Home Grown Flax Fibres, Shive & Processing Experiments During Amanda Haran’s Derbyshire Textile Research Project
Learning How Different Parts Of The Flax Stem Behave Through Repeated Handling, Separation & Experimentation

Over time, repetition itself became important. Rather than looking for a perfectly controlled method, I wanted to build a more instinctive understanding of the flax through touch, sound, resistance and movement. Developing a repeatable approach that could work across most stems gradually became part of learning how to read the fibre itself. In many ways, this stage of the project felt less like manufacturing and more like becoming familiar with the flax's behaviour and character.


As the movements became more familiar, I also began translating parts of the learning into simple written instruction sheets to test how these methods might be shared later in workshops and public settings. Breaking the actions down into accessible stages forced me to think more carefully about what was actually happening within the fibre and which parts of the learning were genuinely transferable through demonstration and repetition. Writing the instruction sheets also revealed how difficult it can be to fully explain tactile knowledge through words alone, reinforcing how much embodied understanding sits within touch, rhythm and repeated contact with the material.


Following the initial flax cracking experiments, I began making cordage by hand to better understand how the fibres behaved once twist and tension were introduced. This stage of the research became less about producing finished outcomes and more about observing how the flax responded through repeated movement and touch. I experimented with how many flax stems were needed to create a usable cord thickness, how tightly or loosely the fibres could be twisted before weakening, and which hand positions, movements, and tensions produced the most stable and repeatable results.


Little by little, the movements became more intuitive, with small adjustments in finger placement, rhythm and tension making significant differences to the strength and behaviour of the cordage itself. Some approaches immediately felt awkward or overly complicated, while others naturally simplified the activity and made it easier to repeat consistently. Again, I found myself drawn towards methods that felt accessible, adaptable and achievable without specialist tools or expensive equipment.


Hand Twisted Flax Cordage Made From Home Grown Derbyshire Flax During Amanda Haran’s Textile Research
Allowing The Irregularities Of The Fibre To Shape The Cordage Rather Than Forcing Uniformity

Finding ways to work with flax that require minimal cost, skill, or equipment remains very important to the project's broader direction. If these approaches are eventually going to move into public workshops and community settings, they need to feel welcoming, achievable and transferable rather than technically intimidating or financially out of reach.

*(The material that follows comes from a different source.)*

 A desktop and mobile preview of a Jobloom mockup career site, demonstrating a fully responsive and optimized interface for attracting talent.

Making cordage by hand also repeatedly brought me back to the original inspiration for the project: discovering the forgotten rope walk at the former Waingroves colliery site. There was something quietly significant about standing in my front garden, twisting fibre by hand whilst thinking about the physical repetition, labour and skill that once existed within the area's industrial landscape. In many ways, the cordage began to feel like a small contemporary echo of those overlooked local histories, reconnecting hand, fibre and place through repeated acts of making.

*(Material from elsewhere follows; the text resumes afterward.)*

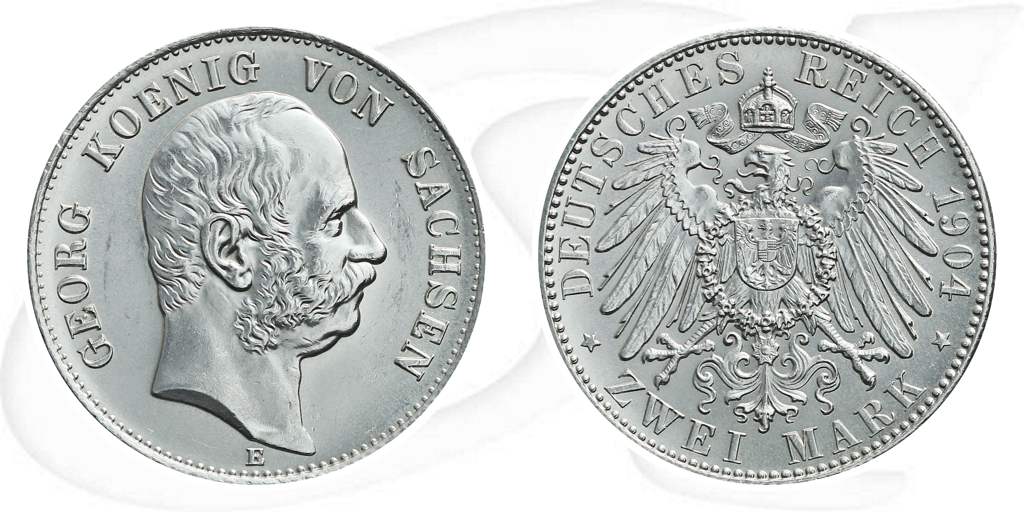 Deutschland Sachsen 2 Mark 1904 vz-st Georg Münze Vorderseite und Rückseite zusammen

Part of the thinking behind this approach also comes from the work of Harriet Goodall, whose teaching around natural cordage and plant materials first opened up new ways of considering skill sharing, storytelling, and place-based making. I have been particularly drawn to the way she combines practical knowledge with conversations around local history, material significance and cultural memory, allowing it to become a way of reconnecting people to landscape, heritage and one another through shared experience. As I developed my own flax cracking and cordage methods, I found myself consciously drawing on aspects of this approach, thinking carefully not only about the physical processes themselves, but also about how the work might later be shared within community settings in ways that feel welcoming, meaningful and rooted in place.


Slowly, both flax cracking and cordage making began to take on an unexpectedly meditative quality. Once the bodily coordination became more understood, the repetitive rhythm of cracking stems, separating fibre and twisting cordage by hand created long periods of focused attention and quiet concentration. In many ways, the activity seemed to encourage slowness, patience and presence in a way that felt increasingly at odds with the pace and distractions of contemporary life. As with the flax cracking research, I also translated parts of the cordage making into a simple community instruction sheet. Breaking the method down into clear stages continued to deepen my own understanding whilst also testing how these forms of tactile knowledge might later be shared more widely through collective learning and public participation.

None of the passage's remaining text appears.